The problem:
Using the listing below, print exactly everything from the line with "Sports Running Hijab, Puma Black, extralarge" down to the line with "Vention Кабель мультимедійний", both included, and nothing more.

=== Begin Enclosure ===

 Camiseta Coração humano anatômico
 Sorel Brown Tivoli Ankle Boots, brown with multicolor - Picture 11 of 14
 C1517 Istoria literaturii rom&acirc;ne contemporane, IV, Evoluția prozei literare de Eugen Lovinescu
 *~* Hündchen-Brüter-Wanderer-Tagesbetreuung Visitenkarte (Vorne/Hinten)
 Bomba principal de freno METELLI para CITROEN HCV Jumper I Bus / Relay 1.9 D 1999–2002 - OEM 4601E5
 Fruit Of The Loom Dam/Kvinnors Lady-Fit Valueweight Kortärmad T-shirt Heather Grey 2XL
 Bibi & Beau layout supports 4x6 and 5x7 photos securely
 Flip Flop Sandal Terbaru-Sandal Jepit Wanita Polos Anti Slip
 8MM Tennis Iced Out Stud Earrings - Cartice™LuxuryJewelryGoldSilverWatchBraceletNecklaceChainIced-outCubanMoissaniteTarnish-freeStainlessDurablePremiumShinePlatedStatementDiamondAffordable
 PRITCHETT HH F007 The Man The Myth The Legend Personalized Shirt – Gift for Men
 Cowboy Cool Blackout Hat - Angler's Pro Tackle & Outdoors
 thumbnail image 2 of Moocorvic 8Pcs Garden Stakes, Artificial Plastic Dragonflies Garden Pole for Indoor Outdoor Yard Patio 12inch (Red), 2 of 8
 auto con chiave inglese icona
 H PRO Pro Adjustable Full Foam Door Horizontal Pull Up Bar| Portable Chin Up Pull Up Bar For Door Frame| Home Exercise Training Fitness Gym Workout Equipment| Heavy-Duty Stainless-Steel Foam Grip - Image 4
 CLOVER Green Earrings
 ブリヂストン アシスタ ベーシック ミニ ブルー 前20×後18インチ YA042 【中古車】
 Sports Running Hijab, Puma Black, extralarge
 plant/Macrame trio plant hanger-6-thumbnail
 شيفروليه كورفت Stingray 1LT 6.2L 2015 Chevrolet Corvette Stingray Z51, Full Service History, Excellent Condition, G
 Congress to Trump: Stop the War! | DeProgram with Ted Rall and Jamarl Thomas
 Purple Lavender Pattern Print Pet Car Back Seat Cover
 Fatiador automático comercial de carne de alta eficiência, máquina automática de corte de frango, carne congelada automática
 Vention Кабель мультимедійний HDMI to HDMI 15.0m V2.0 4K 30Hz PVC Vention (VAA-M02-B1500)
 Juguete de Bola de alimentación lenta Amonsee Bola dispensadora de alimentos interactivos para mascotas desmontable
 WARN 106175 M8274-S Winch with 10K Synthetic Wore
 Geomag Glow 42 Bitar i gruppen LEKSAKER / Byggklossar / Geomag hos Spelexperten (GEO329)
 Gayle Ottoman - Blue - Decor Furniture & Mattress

=== End Enclosure ===

Response:
 Sports Running Hijab, Puma Black, extralarge
 plant/Macrame trio plant hanger-6-thumbnail
 شيفروليه كورفت Stingray 1LT 6.2L 2015 Chevrolet Corvette Stingray Z51, Full Service History, Excellent Condition, G
 Congress to Trump: Stop the War! | DeProgram with Ted Rall and Jamarl Thomas
 Purple Lavender Pattern Print Pet Car Back Seat Cover
 Fatiador automático comercial de carne de alta eficiência, máquina automática de corte de frango, carne congelada automática
 Vention Кабель мультимедійний HDMI to HDMI 15.0m V2.0 4K 30Hz PVC Vention (VAA-M02-B1500)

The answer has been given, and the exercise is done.